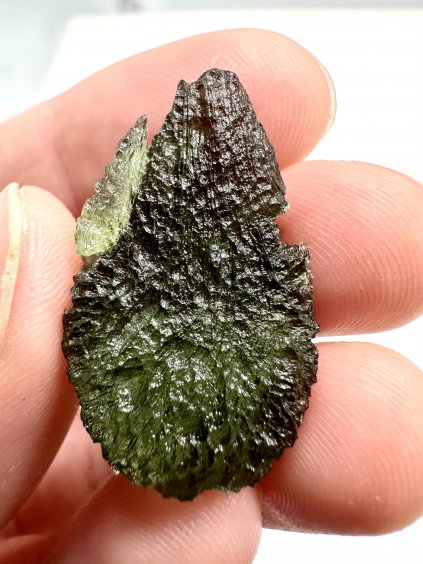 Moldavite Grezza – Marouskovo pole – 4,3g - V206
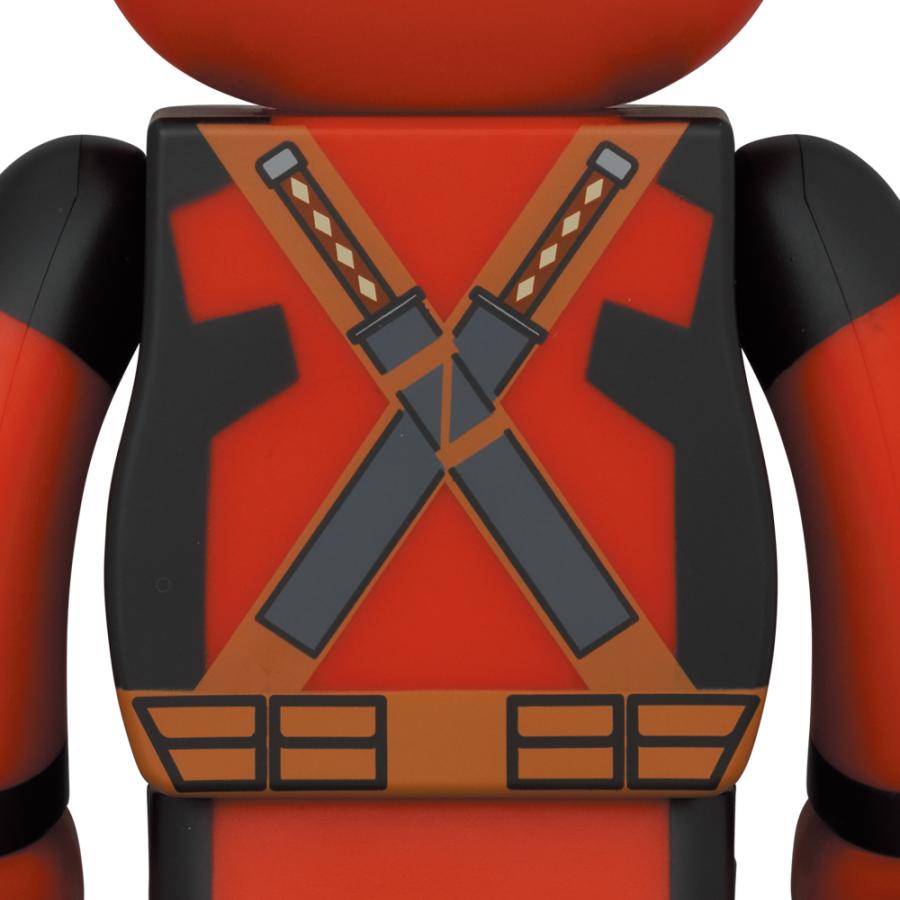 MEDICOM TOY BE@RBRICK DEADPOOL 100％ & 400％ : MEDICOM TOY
_ _ _ _ _
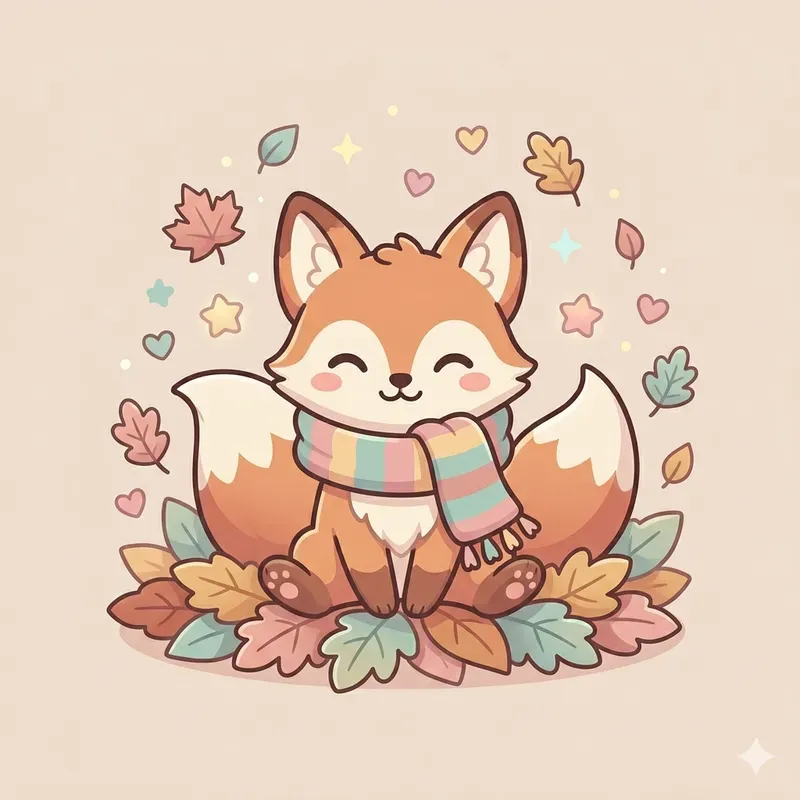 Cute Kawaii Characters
_ _ _ _ _
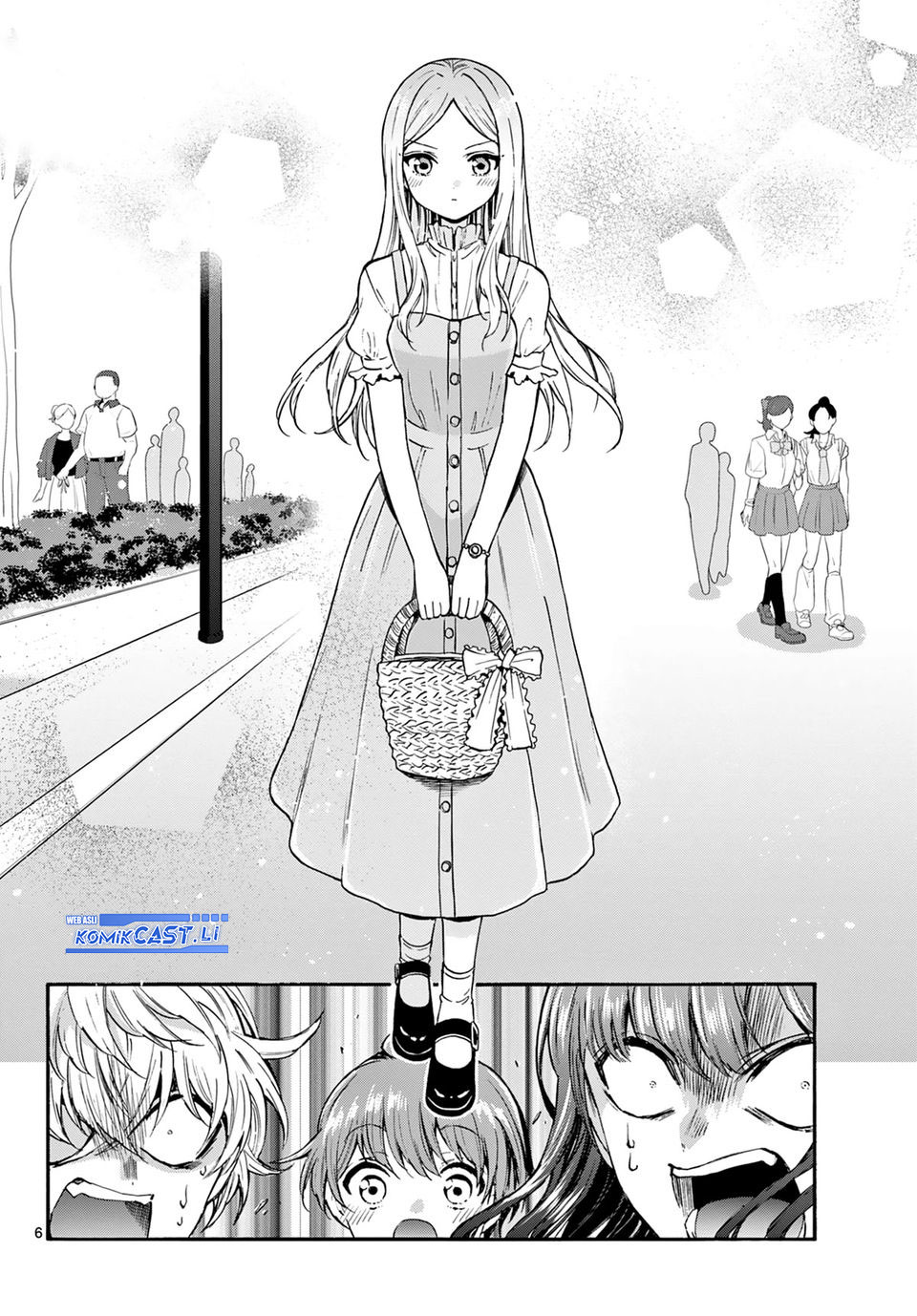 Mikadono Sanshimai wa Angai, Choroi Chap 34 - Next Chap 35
_ _ _ _ _
◆ **TASK DESCRIPTION**: Out of the records above, please copy exactly the lines from the line with "Moldavite Grezza –" up to and including the line with "MEDICOM TOY BE@RBRICK", minus the pictures.

◆ **EXERCISE OUTPUT**:
 Moldavite Grezza – Marouskovo pole – 4,3g - V206
 MEDICOM TOY BE@RBRICK DEADPOOL 100％ & 400％ : MEDICOM TOY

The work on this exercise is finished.